You're no Raven!1
Many people who pray do so with great hesitation in their hearts. They virtually tip toe to the throne of grace, fearful of upsetting God with what they perceive to be their own insolence or presumption. They lack confidence and courage. This is why we need to hear yet again the exhortation of Hebrews 4:16,
“Let us then with confidence draw near to the throne of grace, that we may receive mercy and find grace to help in time of need.”
But confidence in what? Confidence in God, of course. The confidence that comes from knowing we have a great high priest who knows our thoughts, our hurts, our worst fears and our deepest desires (see Heb. 4:14-15).
But I want to suggest that this confidence is grounded not only in what God has done but in who we are as a result of what God has done. The psalmist said of God that “He gives to the beast their food, and to the young ravens that cry” (Ps. 147:9). Could it be that this is what Jesus had in mind when he said, “Consider the ravens: they neither sow nor reap, they have neither storehouse nor barn, and yet God feeds them. Of how much more value are you than the birds!” (Luke 12:24). This is marvelous logic indeed.
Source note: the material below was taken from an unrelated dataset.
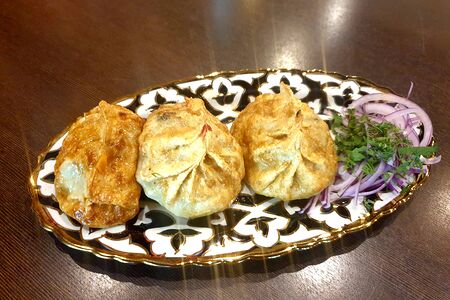 Манты жаренные узбекские с говядиной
The raven is but a bird, whose death means little. We, on the other hand, are immortal souls. No raven, as far as I know, will ever be redeemed or resurrected. No raven will ever be raptured. How, then, could God hear its cry, and he does, but turn a deaf ear to yours? No raven was ever formed in the image of God. If you heard the cry of a hungry raven simultaneous with the cry of an abandoned and starving infant, to which would you first give aid? I know, it’s a silly question. But we are not better than God, are we? If we have the good sense to first attend the one who bears the divine image, will God do less?
Be it noted that Jesus refers to a raven; not a hawk or falcon or eagle or cardinal or robin or any such bird of beauty. It is to the lowly and seemingly useless raven that he appeals. If God would provide for the needs of so insignificant a bird, will he not happily and generously provide for yours. So, come to the throne of grace with confidence.
Let’s stay with this analogy for a moment. Consider the cry of the raven. It speaks no words, articulates no phrases, formulates no arguments. Its cry is purely of instinct. The raven makes no appeal to grace and knows nothing of the high priest, Jesus. In fact, Jesus didn’t die for a single raven, yet the Father graciously cares for their needs. How much more, then, shall he graciously care for yours.
Nowhere are ravens commanded to cry to God, yet we are repeatedly exhorted to do so. We have the divine warrant to come to this gracious throne. Ravens aren’t told to come yet they never go away empty. You and I come as invited guests. How, then, shall we be denied by him who has issued the invitation?
The cry of the raven is at best that of an unthinking animal. Ours is the cry of the precious Holy Spirit within us (cf. Rom. 8:26ff.). When the ravens cry to God they do so alone, but we cry jointly with our heavenly intercessor, the Lord Jesus Christ (Heb. 7:25). If the mere chattering of a single bird prevails upon God, how much more shall the petitions of his blood-bought child who can clench a request with the biblical plea, “Father, do it for Jesus’ sake!”
So, come to the throne of grace with confidence.